Both Thomas and Flesch insist ideology had nothing to do with the Education Establishment abandoning what worked. “I am not one of those people who call them un-American or left-wingers or Communist fellow travelers,” Flesch stated. Thomas agreed. “The people who led the anti-phonics crusade were the ones getting the big royalty checks from the publishing companies and who were depending on wealthy philanthropists for their jobs and for the funding for the colleges where they worked,” she insisted, further stating that people who serve the upper middle class at the expense of the working class “are being bourgeois, not left-wing.”

Nonsense. The American Federation of Teachers (AFT) and the National Education Association (NEA) respectively contribute 100% and 98.6% of their campaign donations to Democrats. That would be the same NEA that stated the following policy standard — in 1936: “We stand for socializing the individual.”

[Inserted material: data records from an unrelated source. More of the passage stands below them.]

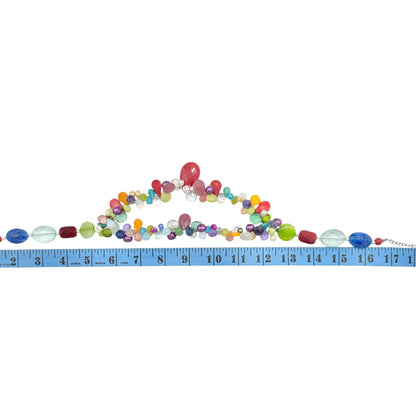 Multicolor Beaded Statement Necklace Unique Gemstone Accents S Hook Clasp 16-19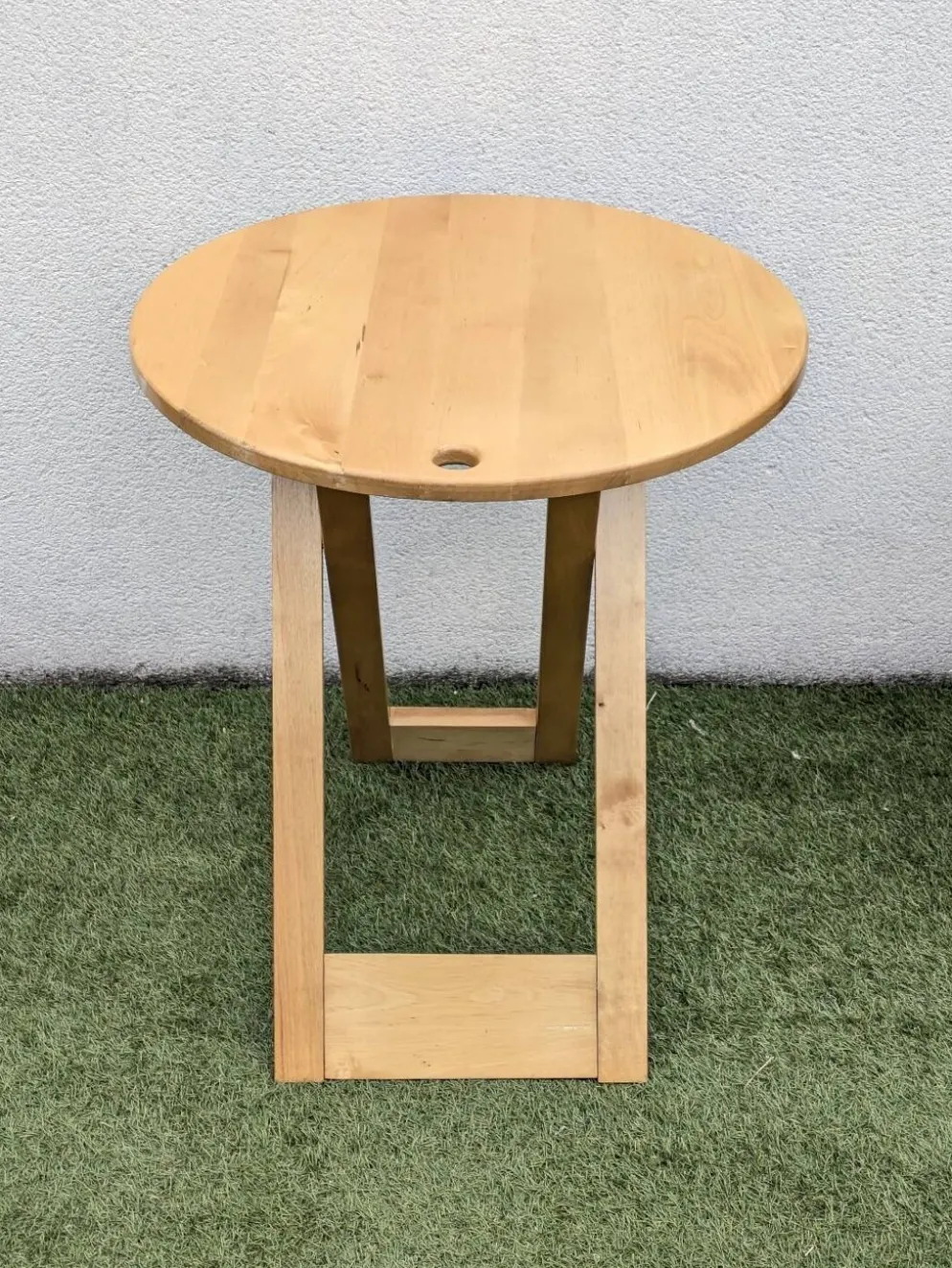 Table pliante design “Suzy” Adrian Reed bois blond vintage 80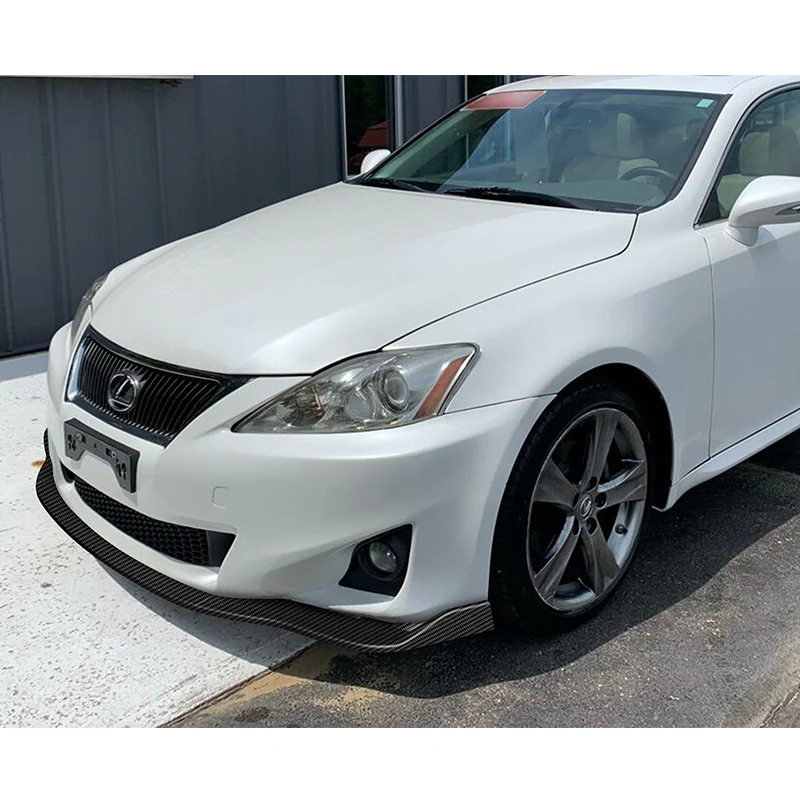 For 2011-2013 Lexus IS250 IS350 Carbon Look Front Bumper Body Splitter Spoiler Lip 3PCS - Image 5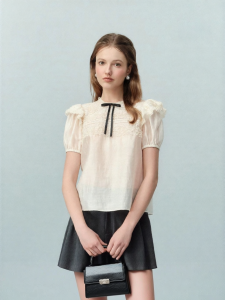 AIVEI | Youthful and Sweet Lace Trim Chiffon Top
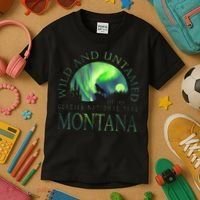 Montana Glacier National Park Northern Lights Kids T-Shirt thumb 3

At the college level, a study by the National Association of Scholars reveals 39% of surveyed schools did not have a single Republican faculty member, and among the 8,688 full-time professors with Ph.D.s taken from a sample of 51 of the 60 top-ranked liberal arts colleges, the ratio of Democrats to Republicans is 10 to one.

That’s as left-wing as it gets.

Their ultimate goal? Fundamental transformation. “Every child in America entering school at the age of five is mentally ill because he comes to school with certain allegiances to our founding fathers, toward our elected officials, toward his parents, toward a belief in a supernatural being, and toward the sovereignty of this nation as a separate entity,” stated the late Harvard University Professor and psychiatrist Dr. Chester Pierce at the International Education Seminar — held in 1973. “It’s up to you as teachers to make all these sick children well by creating the international child of the future.”

Educational Establishment icon — and avowed socialist — Thomas Dewey was even clearer. “You can’t make socialists out of individualists,” he declared. “Children who know how to think for themselves spoil the harmony of the collective society, which is coming, where everyone is interdependent.”

International, interdependent, children of the future who can’t think for themselves, lest they spoil societal harmony? Children who must eschew American exceptionalism and faith in a higher power, lest they be deemed mentally ill? Most Americans are still inclined to see the failure of our Education Establishment, or more accurately, our Democrat Education Complex, as some combination of incompetence and ineptitude.

When six in 10 school kids remain well on their way toward functional illiteracy — and the dumbing-down of curriculums that accommodate it — nothing could be further from the truth.